Ses confidences ont aussi levé quelques incertitudes de mon côté : j'en sais maintenant beaucoup plus sur lui et certains de ses comportements s'éclairent, les zones d'ombre reculent : celles concernant sa distance à mon retour du Japon, bien sûr, mais aussi le fait qu'il n'ait pas d'attaches particulières en région parisienne. Et même si cela fait battre mon cœur un peu plus vite, savoir qu'il n'a pas de petite amie à l'attendre là-bas n'est pas la moindre des certitudes. Et si j'avais ressenti une petite pointe de jalousie à la mention de Pauline, elle a désormais disparu. Tout au mieux considère-t-il leur relation comme fraternelle. Elle reste vraiment, dans son esprit, la dernière compagne de son père. Elle est aussi une des rares personnes avec laquelle il peut l'évoquer. Et je comprends que ce soit important pour lui. Moi-même j'apprécie, à l'occasion, de parler de Tantine ou de mes grands-parents avec des gens qui les ont bien connus.

Cela m'oblige aussi à repenser à moi-même, à ce que j'éprouve, et là, ce n'est plus lui qui se trouve devant un vide vertigineux, mais moi. Je songe à Aurélie et même à ma petite sœur qui me demande régulièrement quand est-ce que je leur présente un potentiel fiancé. J'ignore encore si Alexis pourrait être un potentiel fiancé, mais Aurélie serait certainement satisfaite qu'à l'occasion de mes vacances - et j'inclus la semaine de mai - je m'occupe un peu plus de moi. Du moins, dans le sens qu'elle donnait à ces mots.

Je possède cependant quelques autres certitudes et quand je regarde les choses bien en face, je ne peux ignorer qu'Alexis me plaît, que nous passons de bons moments ensemble, que nous apprécions la randonnée, la nature, qu'il se sent bien aussi ici. Et cela n'est pas rien pour moi. Autant je pourrais tout plaquer à Paris, même s'il n'en est pas du tout question, autant abandonner les Auches, Aizac, le volcan et Antraigues, ce serait me porter un coup fatal. Je peux renoncer à beaucoup de ce qui est ma vie, mais pas à ça. Et je pense qu'il l'a bien compris.

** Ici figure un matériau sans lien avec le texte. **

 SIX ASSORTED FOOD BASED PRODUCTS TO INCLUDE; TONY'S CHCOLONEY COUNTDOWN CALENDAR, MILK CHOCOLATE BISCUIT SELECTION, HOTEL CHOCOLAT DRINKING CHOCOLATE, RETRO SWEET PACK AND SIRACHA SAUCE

Je ne peux ignorer non plus que j'aime faire l'amour avec lui. Et cela aussi n'est pas sans signification. Mais reconnaître que j'éprouve des sentiments forts, c'est un pas qu'il n'est pas aisé de franchir pour moi.

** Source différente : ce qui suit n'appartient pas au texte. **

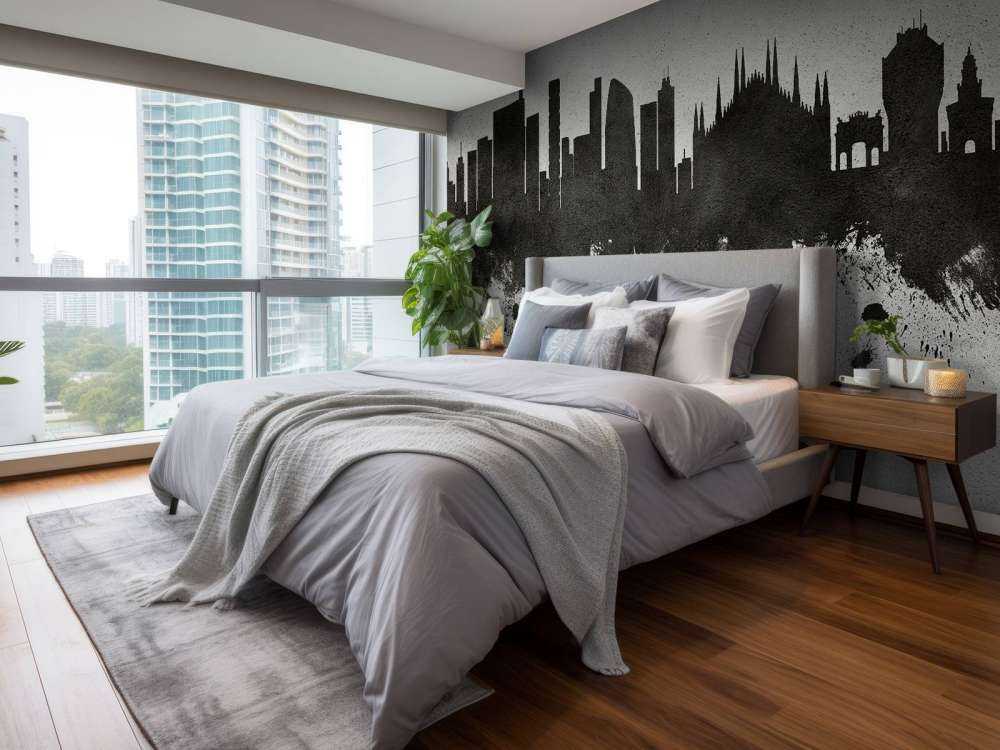 Waterverf skyline, Milan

Quand je repense à ce qui s'est passé à la baignade, en prenant maintenant un peu de recul, je me dis qu'il a réagi exactement comme il le fallait. Avec beaucoup de calme, de professionnalisme. Et j'en suis admirative. Je l'ai assisté au mieux, me souvenant vite de l'attitude à avoir face à la foule, comment occuper les gens, comment utiliser les réactions des uns et des autres. L'aide de l'autre secouriste était bienvenue aussi, car je n'aurais pu tout gérer. J'ai aussi le sentiment d'avoir fonctionné en symbiose avec Alexis. Lui s'occupait de l'enfant et pouvait ne se préoccuper que de lui, car j'étais là. Et moi, je m'occupais des parents, des curieux. Sans avoir à laisser la panique ou l'inquiétude pour le gamin prendre le dessus.

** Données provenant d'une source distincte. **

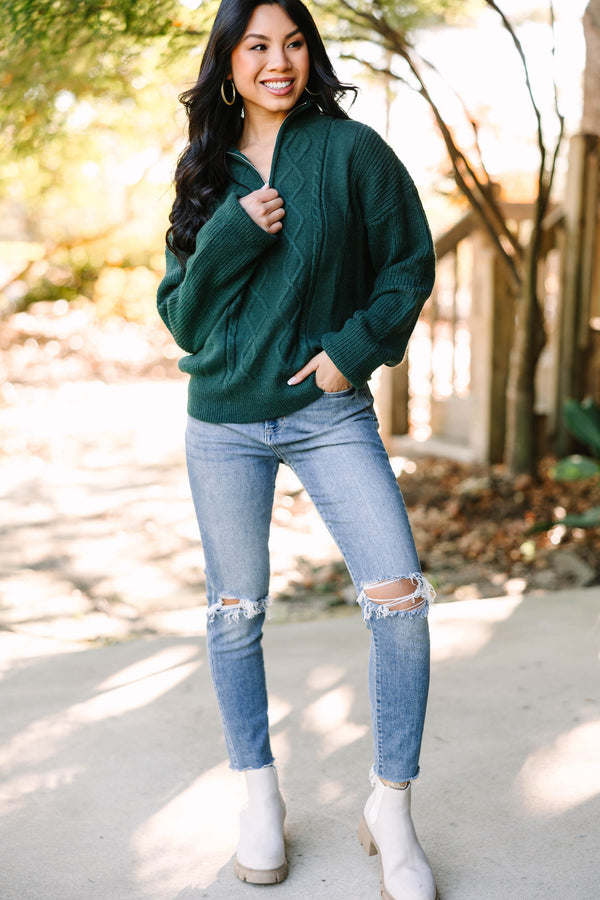 Just One Look Hunter Green Cable Knit Sweater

Ce que je retiens également de tout cela, c'est que ça s'est fait naturellement, comme si nous avions toujours fonctionné ainsi, alors que, quand on y réfléchit bien, cela ne fait pas tant de temps que nous nous connaissons. Et surtout, j'ignorais totalement avant l'accident qu'Alexis était médecin.

**

J'ai dû m'assoupir sur le canapé, car je me réveille un peu endolorie, la tête appuyée contre un petit coussin. Je m'étire, bâille, me secoue doucement. La lumière qui entre dans la maison et notamment par la fenêtre de la cuisine, celle qui donne au sud, m'indique que l'après-midi est déjà bien avancé. Je ne me sens aucun courage.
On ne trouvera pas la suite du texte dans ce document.